Prep 15 mins
Cook 30 mins
A nice roasted cabbage that becomes a warm salad when using the balsamic vinegar option. **Two cutting options provided both tend to want to separate just because it is cabbage.
- 1 head green cabbage
- 44.37 ml olive oil
- 4.92 ml salt
- 4.92 ml sugar
- 1.23 ml pepper
- 9.85 ml balsamic vinegar (optional)
- Pre-heat oven to 425°F.
- Combine salt, pepper, and sugar in small bowl. Set aside.
- **Cutting option 1- Quarter cabbage through core and cut each quarter in to 1-inch wedges, leaving core intact. You'll have about 16 wedges.
- **Cutting option 2- Slice into 1-inch-thick rounds, leaving core in to help hold it together.
- Brush a rimmed baking sheet with 1 tablespoon olive oil.
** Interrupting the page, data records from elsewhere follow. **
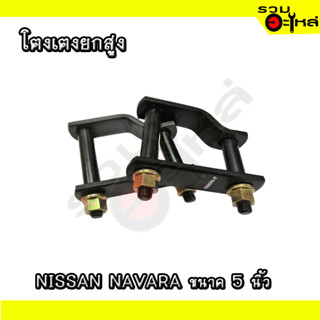 โตงเตง สำหรับ NISSAN NAVARA ขนาด 5-8 นิ้ว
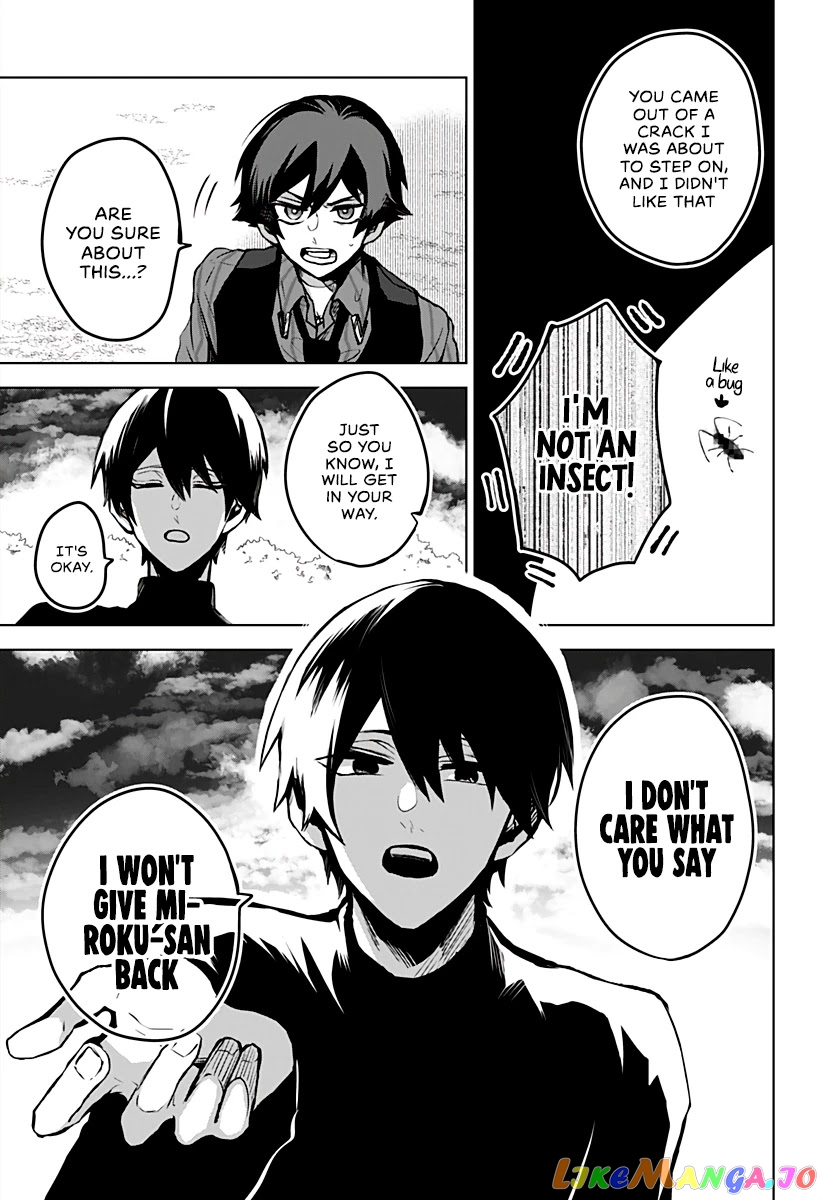 Even If You Slit My Mouth chapter 11 - page 28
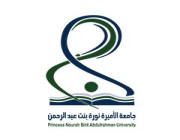 جامعة الأميرة نورة تعلن عن وظائف أكاديمية شاغرة للنساء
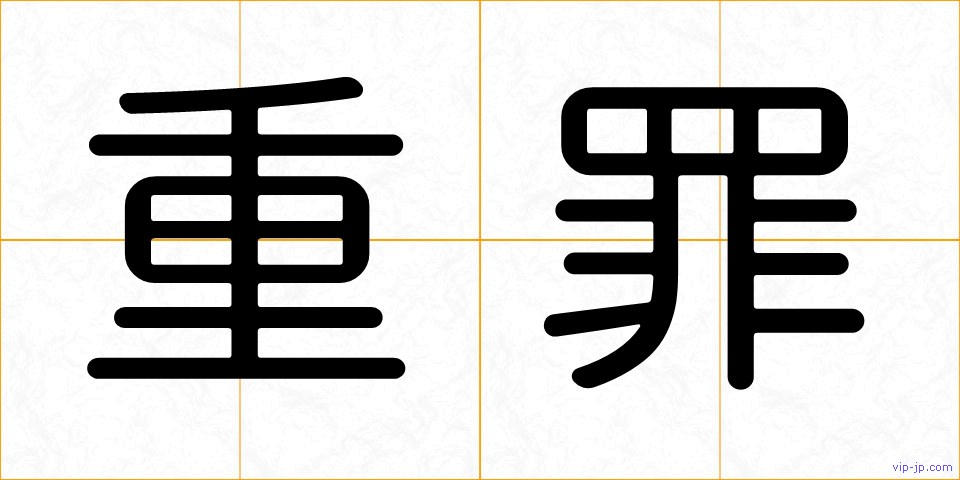 重罪の画像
- Arrange cabbage in single layer on baking sheet and brush with remaining 2 tablespoons olive oil. Sprinkle with salt mixture.
- Roast until cabbage is tender and edges are golden, 25 to 35 minutes.
- Sprinkle hot cabbage with balsamic vinegar if using.
So I tried this recipe thinking I'd give cabbage another chance - and I'm glad I did! Roasting is definitely the way to go with cabbage and the balsamic makes it even better. Why don't more people know about this? I cut it in wedges but next time I think I'll cut in circles to make for a more even roasting/seasoning. Thanks for the post!
Definitely would make this again. My kind of recipe-tasty, uses oven, and simple. I did put balsamic vinegar on for sure as I have some excellent aged balsamic-we even packed in our suitcase-didn't buy wine but bought vinegar. LOL! Thanks Debbwl for sharing.
Tasted geat and was easy to throw together. I did have a little trouble with the outsides burning and the inside needing to cook longer, but sometimes I think my oven gets hotter than it should. Will be using this again! Made for ZWT 7.